Highlights:

  • Many businesses struggle to get their AI models to provide meaningful or usable results because of their limited, sparse, or one-dimensional datasets.
  • Dark Matter fits into data pipelines between feature engineering and model training and inference operations, according to Ensemble co-founder and CEO Alex Reneau.

Ensemble AI Inc. secured USD 3.3 million in the recent funding round to resolve issues around data quality and help businesses in developing robust AI models.

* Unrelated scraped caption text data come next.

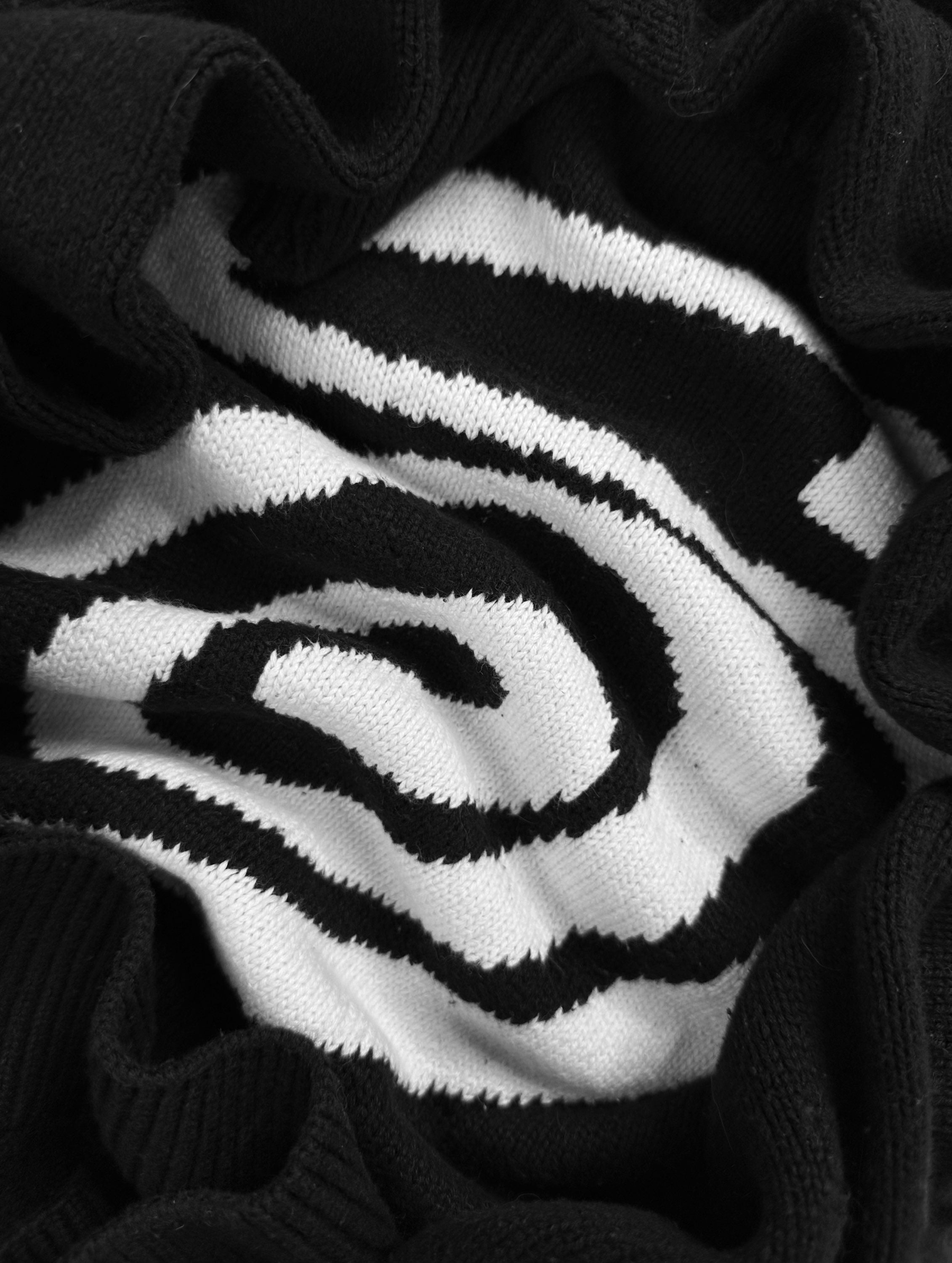 AW22 Stüssy Curly ‘S’ Logo Black Heavy Weight Knitted Sweater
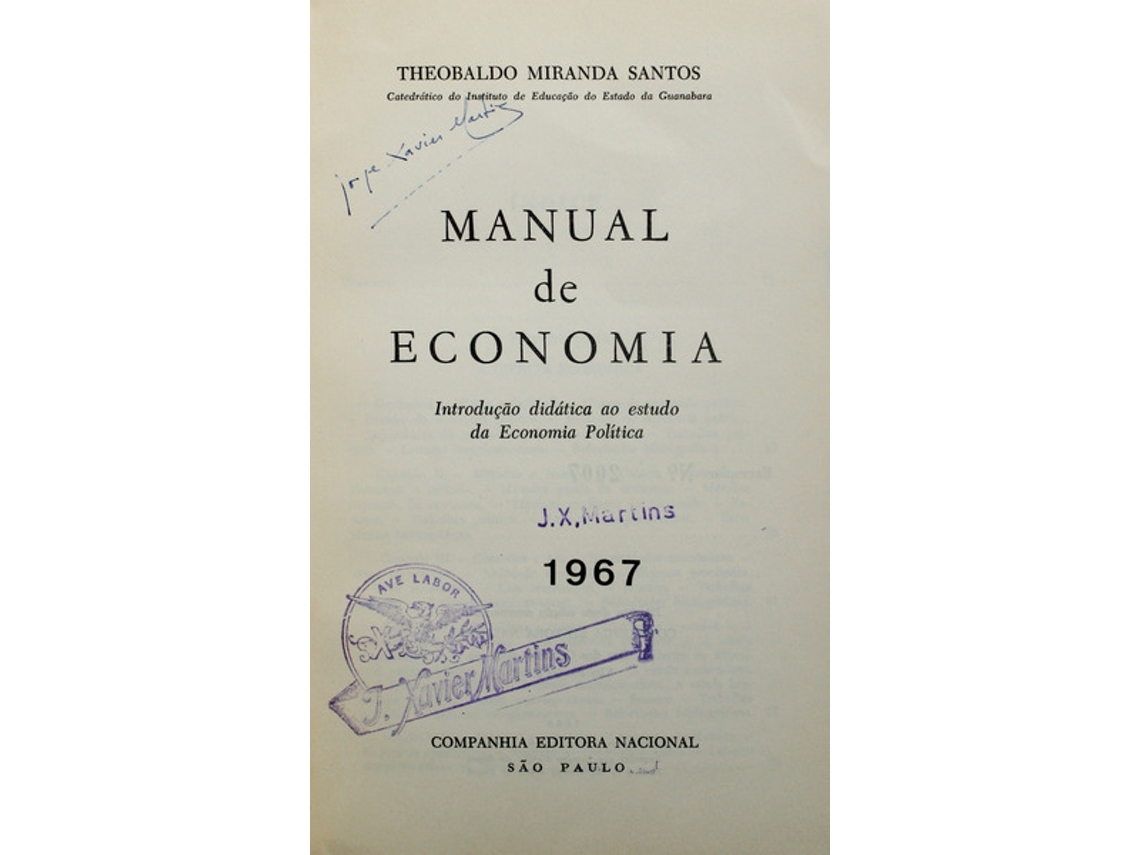 Libro Manual De Economia. (Portugués)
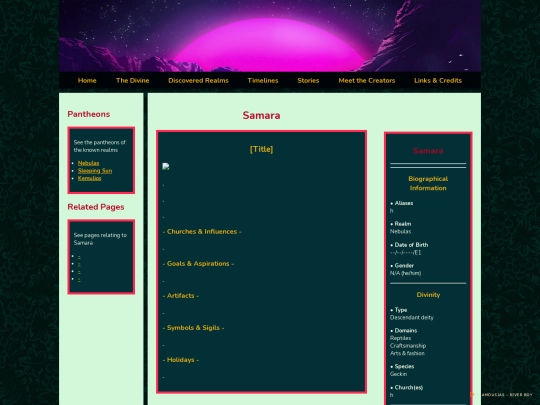 The Divine/Nebulas-Deities/Samara screenshot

Salesforce Ventures led the round, with participation from Amplo, M13, and Motivate. They are supporting Ensemble because the company has developed a ground-breaking method of representing data to improve the efficiency of AI models without overloading them with information or building more intricate model architectures.

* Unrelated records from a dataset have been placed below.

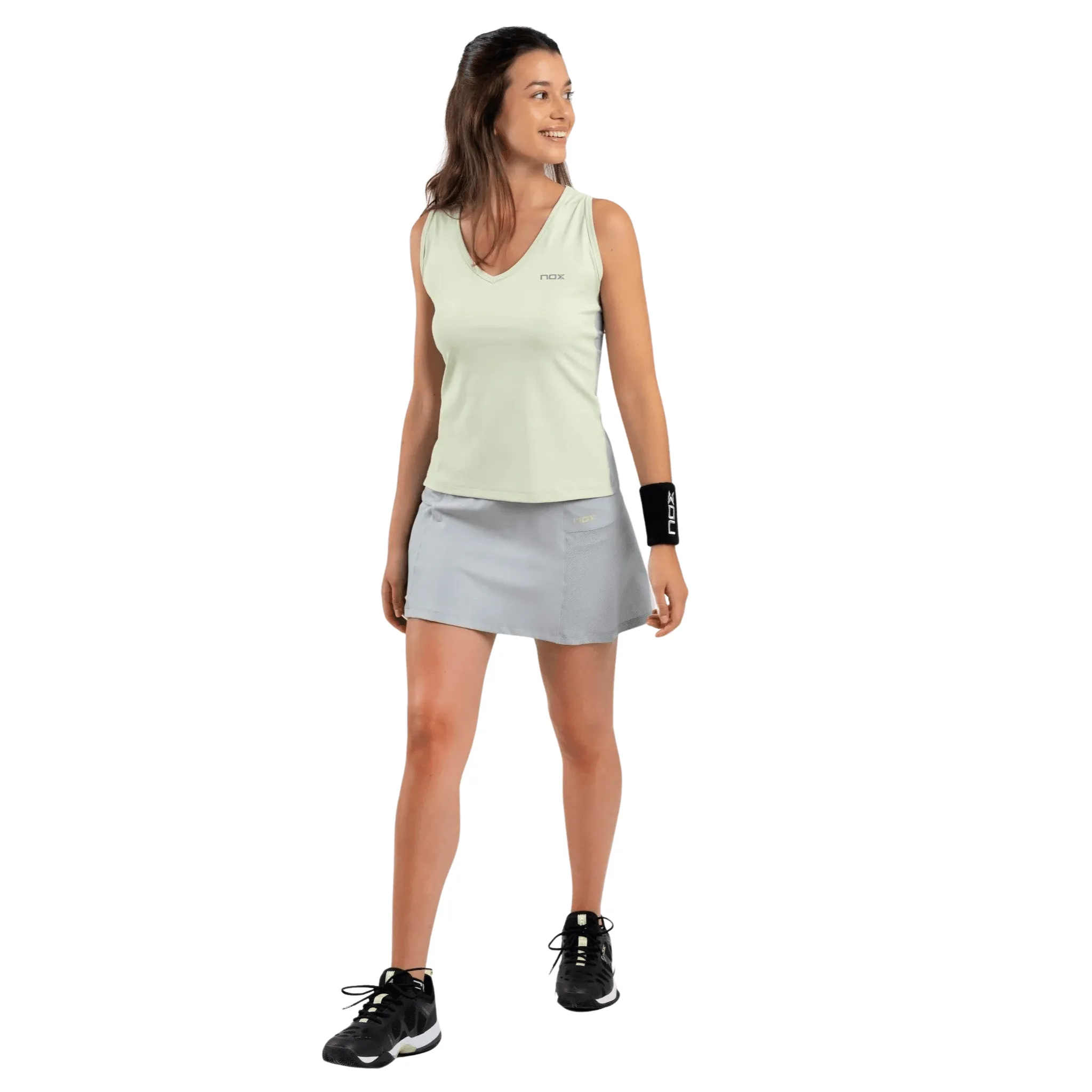 NOX Pro Padel Skirt Mist Grey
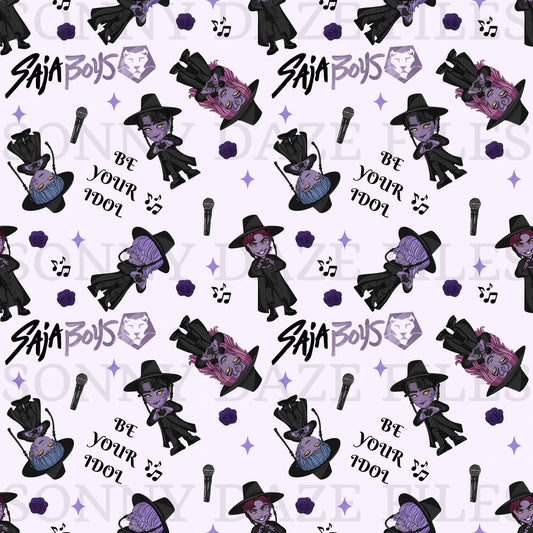 Boy band light purple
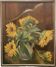 Still life painting with sunflowers 20th century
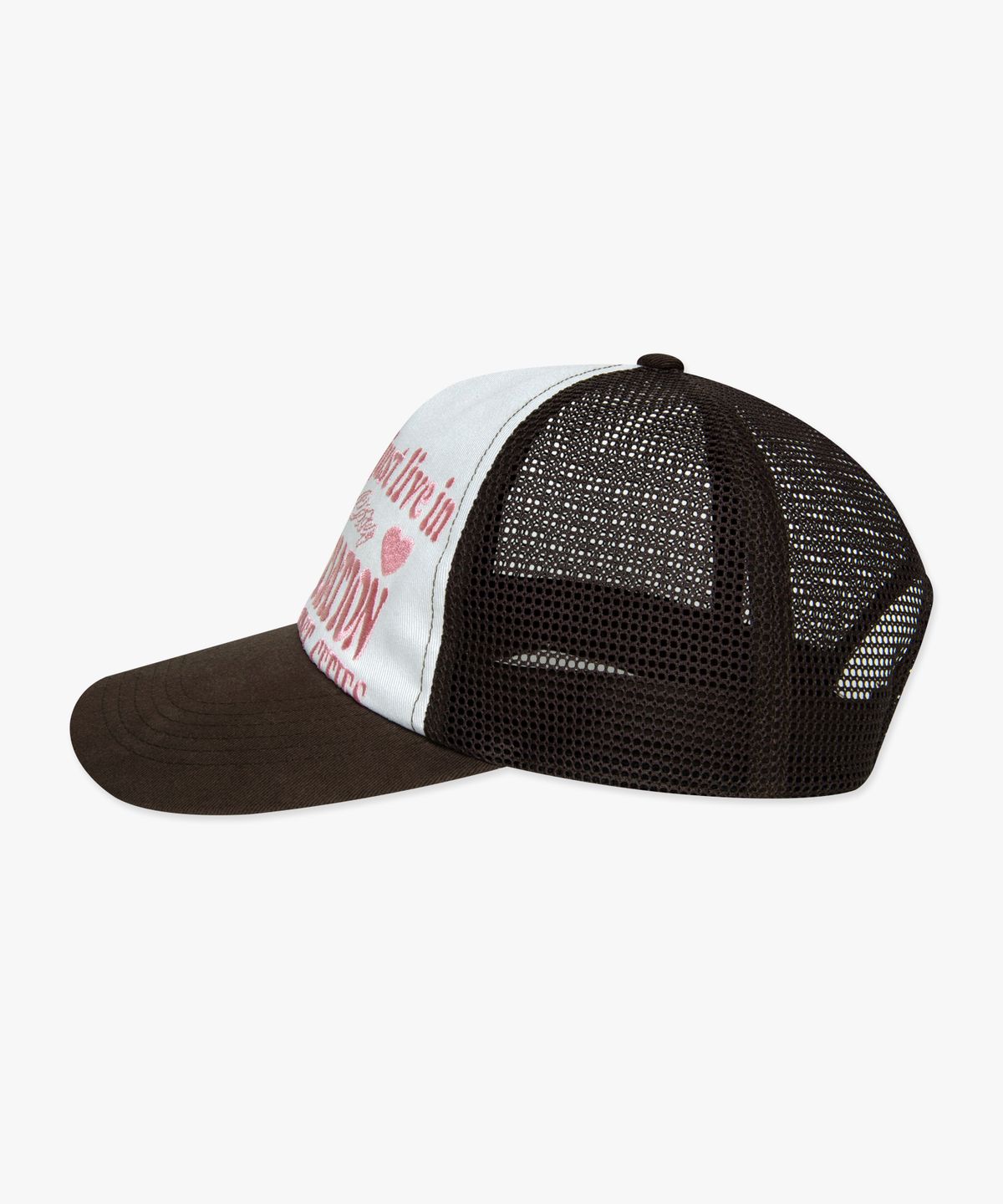 엘엠씨(LMC) THE CITY MESH 5PANEL CAP brown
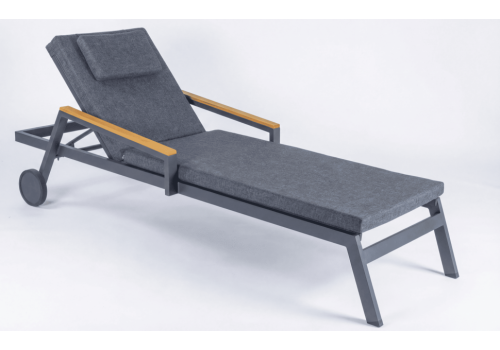  Шезлонг СПОНДА С карбон, с матрасом и подушкой, фото 6 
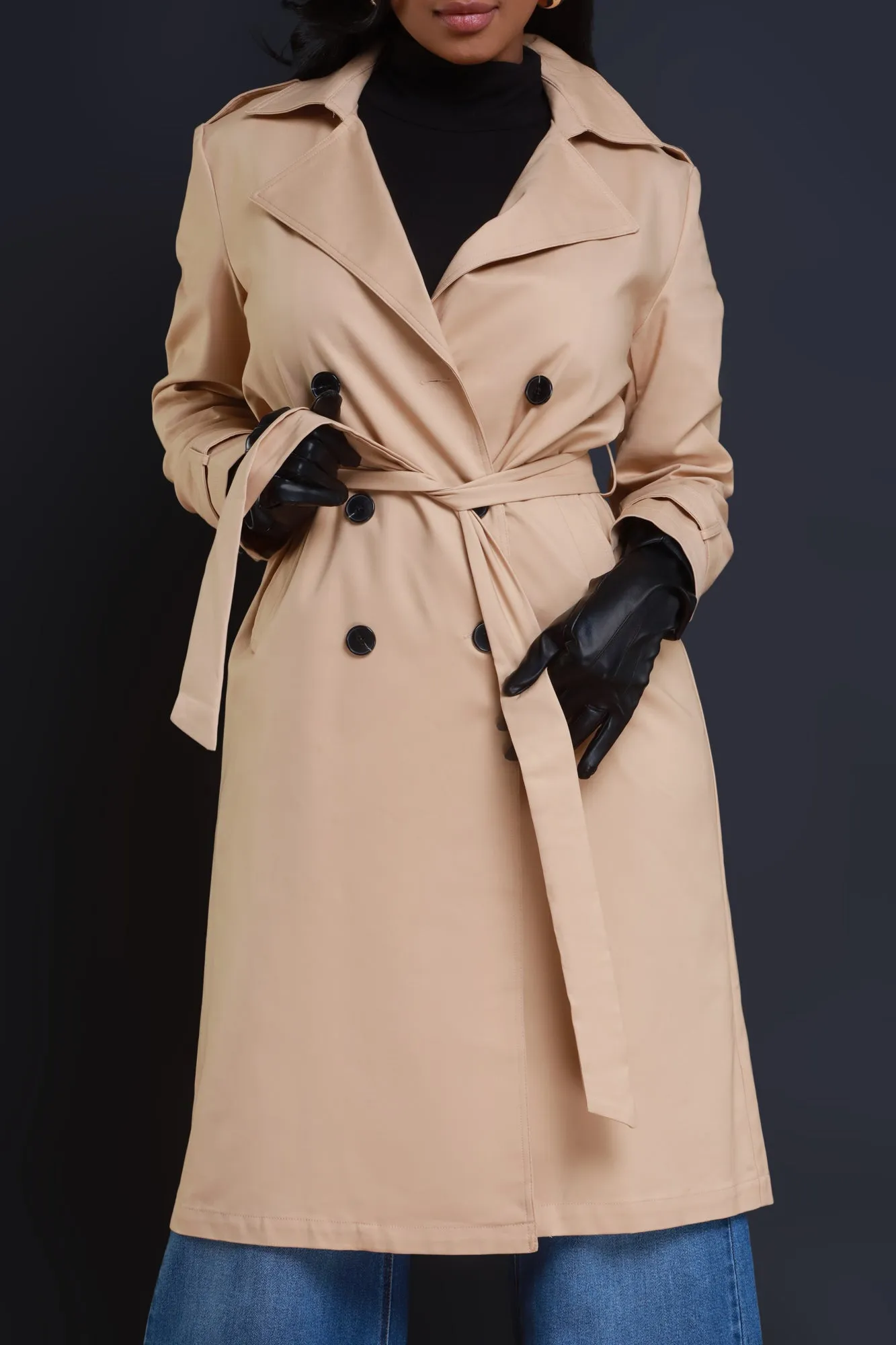 Consider It Longline Trenchcoat - Tan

By assisting them in finding hidden correlations between their datasets, the business is enhancing AI models using machine learning techniques. The company claims that AI need access to more and higher-quality data to be able to tackle real-world problems. Many businesses struggle to get their AI models to provide meaningful or usable results because of their limited, sparse, or one-dimensional datasets.

Data scientists spend hours trying to repair their data to combat this, considerable progress has been achieved with more advanced AI model architectures, however, such initiatives demand large resources and technical knowledge that not every organization has.

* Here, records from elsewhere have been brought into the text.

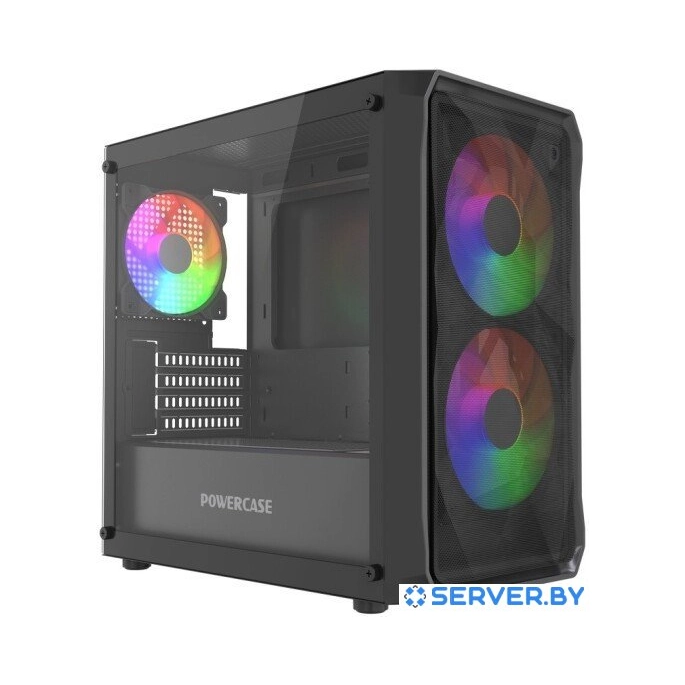 Корпус Powercase Mistral Micro A3B ARGB V2 CMMAB-A3-V2. Фото 1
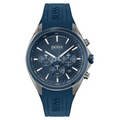 HUGO BOSS Sport Blue Silicone Strap Blue Dial Chronograph Quartz Watch for Gents - 1513856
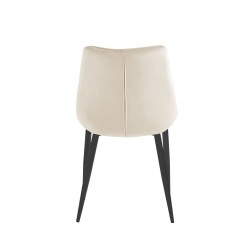 Velvet chair (beige) / black legs Velvet chair (beige) / black legs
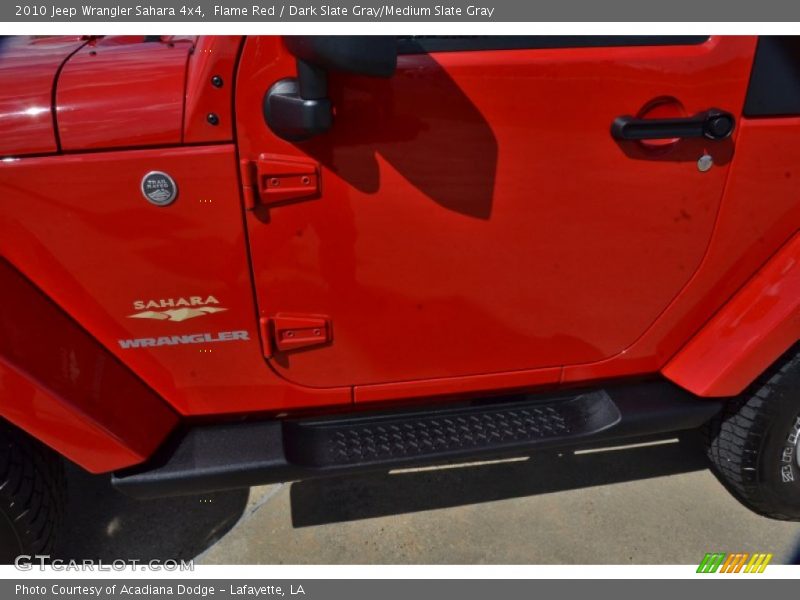 Flame Red / Dark Slate Gray/Medium Slate Gray 2010 Jeep Wrangler Sahara 4x4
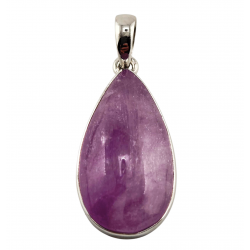 Sterling Silver kunzite pendant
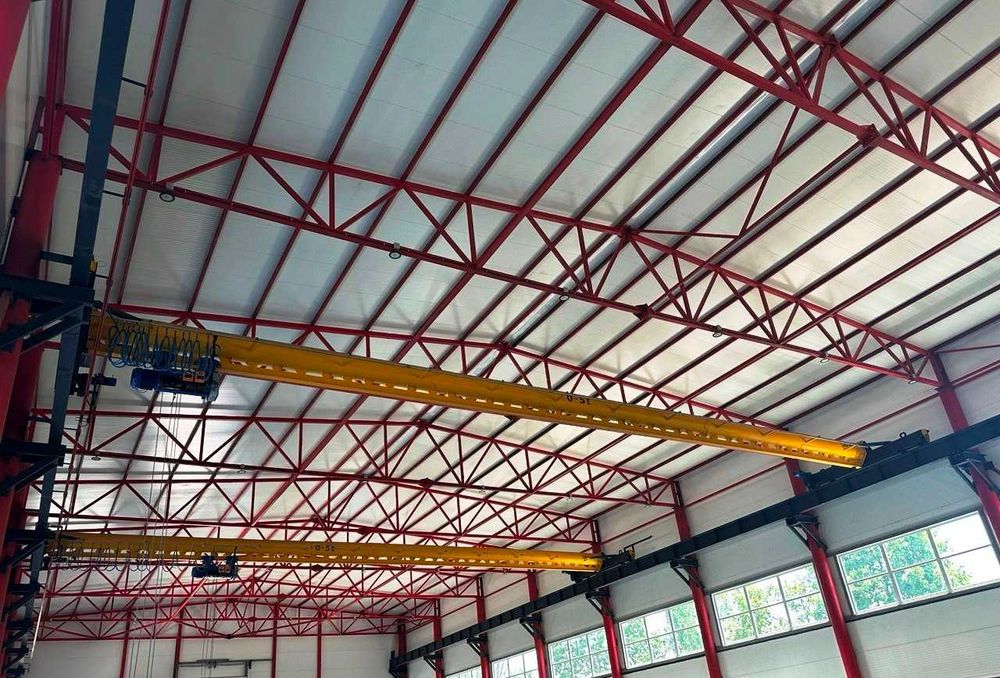 Кран мостовий однобалковий опорний 5т проліт 16,5м / кран балка опорна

To address these problems, Ensemble has developed a unique embedding model known as Dark Matter, which creates richer data representations for prediction tasks by utilizing an “objective function.”

According to the business, Dark Matter can perform a lightweight data transformation that allows it to understand the intricate, nonlinear relationships found inside datasets. It reduces the intricacy of these connections to a straightforward “data representation,” enabling programmers to create AI models of higher caliber that are capable of handling far more challenging issues.

Dark Matter fits into data pipelines between model training and feature engineering and inference operations, according to Ensemble Co-founder and CEO Alex Reneau.

“We’re able to enable customers to maximize their own data that they’re working with, even when it’s limited, sparse or highly complex, allowing them to train effective models with less comprehensive information. This foundational technology frees up data scientists to focus on experimentation and makes ML viable for problems previously unable to be modeled, unlocking new capabilities for our customers,” he added.

The startup thinks Dark Matter is a better option than synthetic data, which is frequently utilized by AI programmers to make up for sparse or low-quality datasets. It clarifies that although Dark Matter introduces additional variables, the mechanics remain essentially unchanged.

As synthetic data merely reproduces pre-existing distributions from Gaussian noise, no new information is formed in reality. The company clarified that there is no appreciable effect on predicted accuracy because the synthetic data only replicates the statistical characteristics of the existing data.

However, Dark Matter gains the ability to generate new embeddings that have essentially distinct statistical distributions and features, which leads to quantifiably better prediction accuracy.

According to Caroline Fiegel of Salesforce Ventures, Ensemble presents a viable solution that might hasten the adoption of AI. She clarified that because of problems with poor data quality and the possible usage of personally identifiable information, many firms are finding it difficult to implement AI models in production.

“When you peel that back and really start to understand why, it’s because the data is disparate. It’s kind of low-quality. It’s riddled with PII,” she added.

According to Ensemble, a number of early adopters have already used Dark Matter with encouraging outcomes in fields like biotechnology, healthcare, customization, and advertising technology. For example, according to the biotech customer, its technology was utilized to develop a model that more accurately forecasts virus-host interactions inside the gut microbiome.

In the future, Ensemble plans to accelerate its go-to-market strategy, grow its workforce, and develop new products with the capital raised in the funding round.